Benedetta averages six months a year on the road, personally visiting every country and camp that she recommends to her clients, many of whom are some of the fashion world’s biggest names. “I take pride in making clients fall in love with the places I love,” she says. She curates trips in popular destinations like South Africa and Kenya, but has a soft spot for “tricky places” like the Congo and Rwanda. Her friend Mark Lakin, a New York–based photographer and cofounder of travel company Epic Road, recalls a trip they took to Virunga National Park in the Democratic Republic of Congo, home to the bloodiest genocide since World War II. “Bene was totally undaunted,” he says. “We spent a week trekking through the park to see some of the world’s last remaining mountain gorillas. Along the way, we connected with the widows of fallen rangers.”

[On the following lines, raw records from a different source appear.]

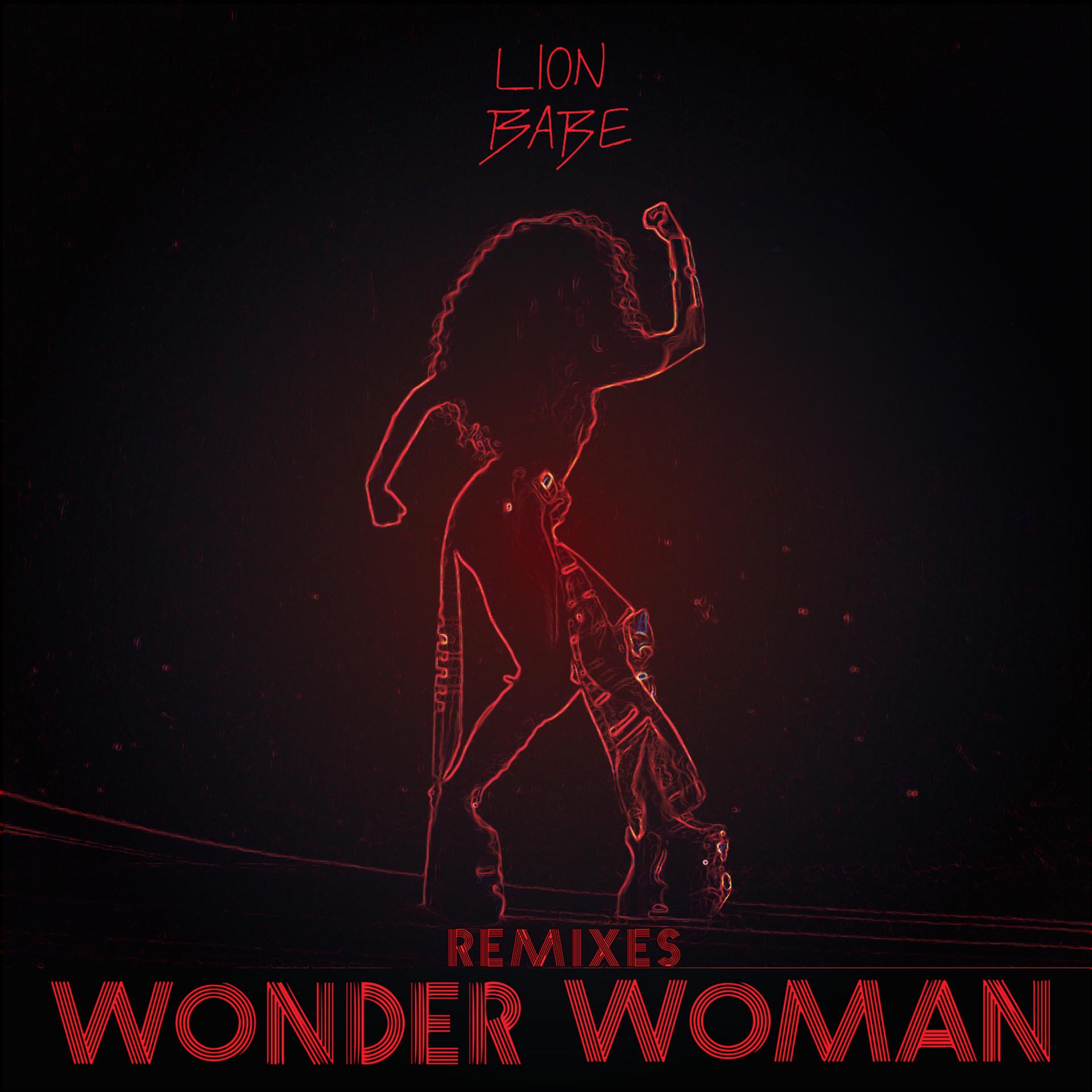 Постер альбома Wonder Woman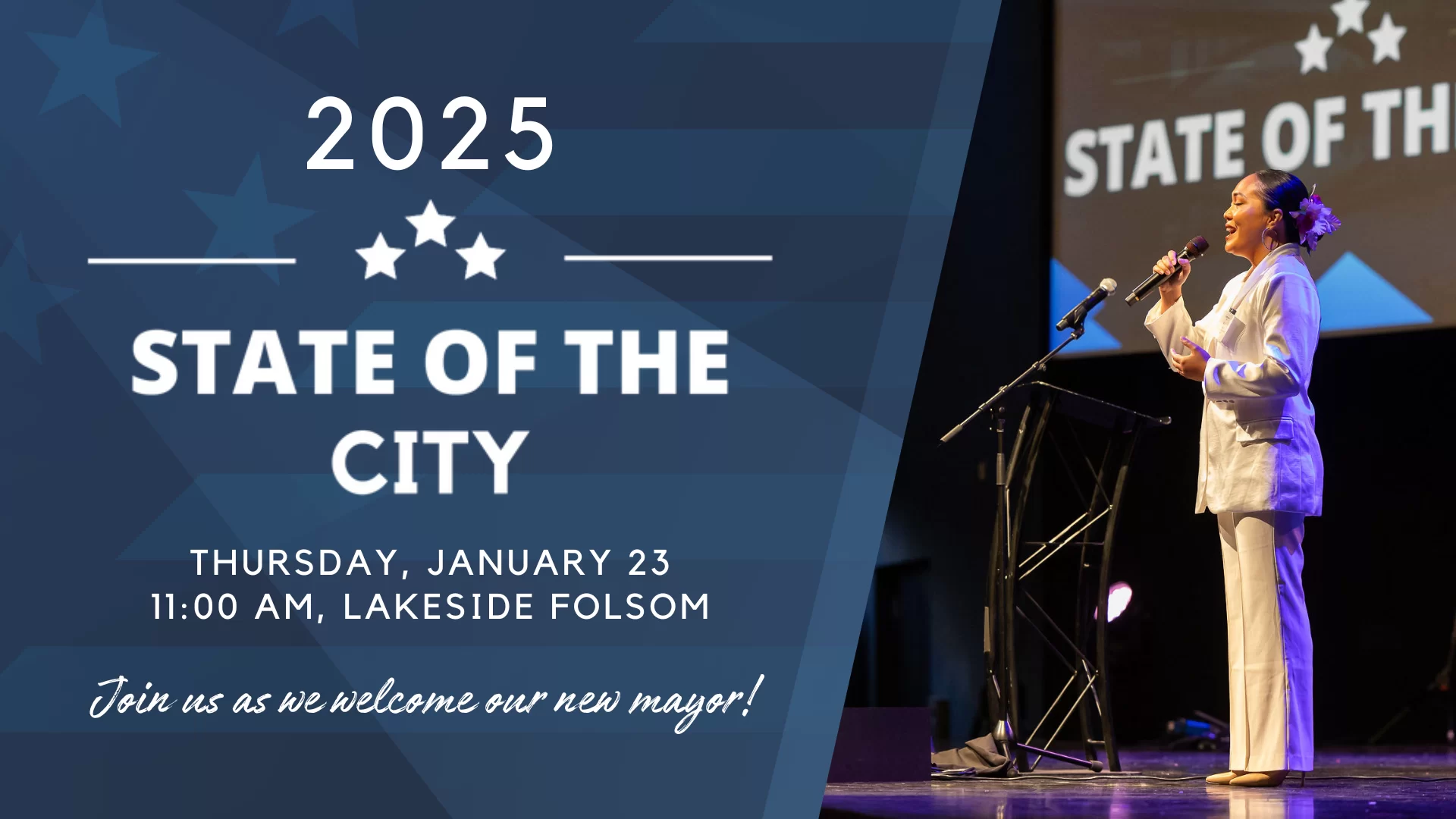 State Of The City 2025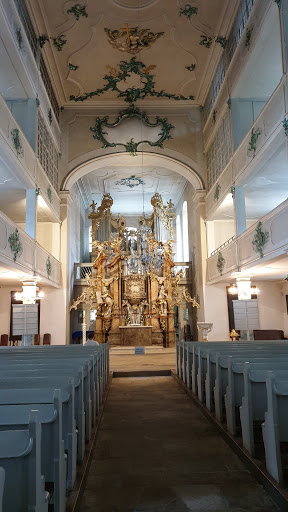 Marienkirche Suhl - Visual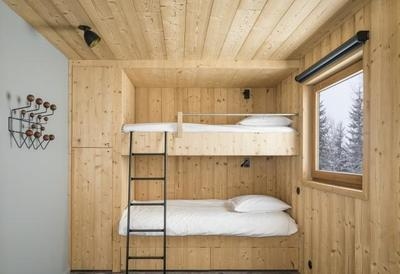 民宿木屋室內(nèi)裝修效果圖，民宿室內(nèi)裝修風(fēng)格展示 行業(yè)新聞 第4張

Africa, Mazzini says, will always be her first love. But her insatiable curiosity and intrepid spirit has taken her around the globe. Wanting to share her discoveries, she launched Ultimate Places in 2014 with friend Nicos Contos. When she travels to a new destination, one of the first questions she asks is, “How many things can I do here?” Africa’s unlimited adventures are her benchmark. The Maldives, she says, don’t interest her. Norway, on the other hand, overwhelmed her with possibilities. “I seek out experiences that are slightly uncomfortable and challenging,” she says. “Those are the electric moments that make you feel alive.” The United States was off her radar until she started traveling beyond its cities. “In a way, it’s my second Africa,” she says. “There are areas that are completely remote and wild.”

With every trip she plans, she aims to leave her guests energized and the places she visits better than she found them. “I still get emotional every time I watch the sunset in Africa,” she says. “I want to evoke those emotions from my clients. I want them to feel changed after they travel with me—like they’re part of something bigger.”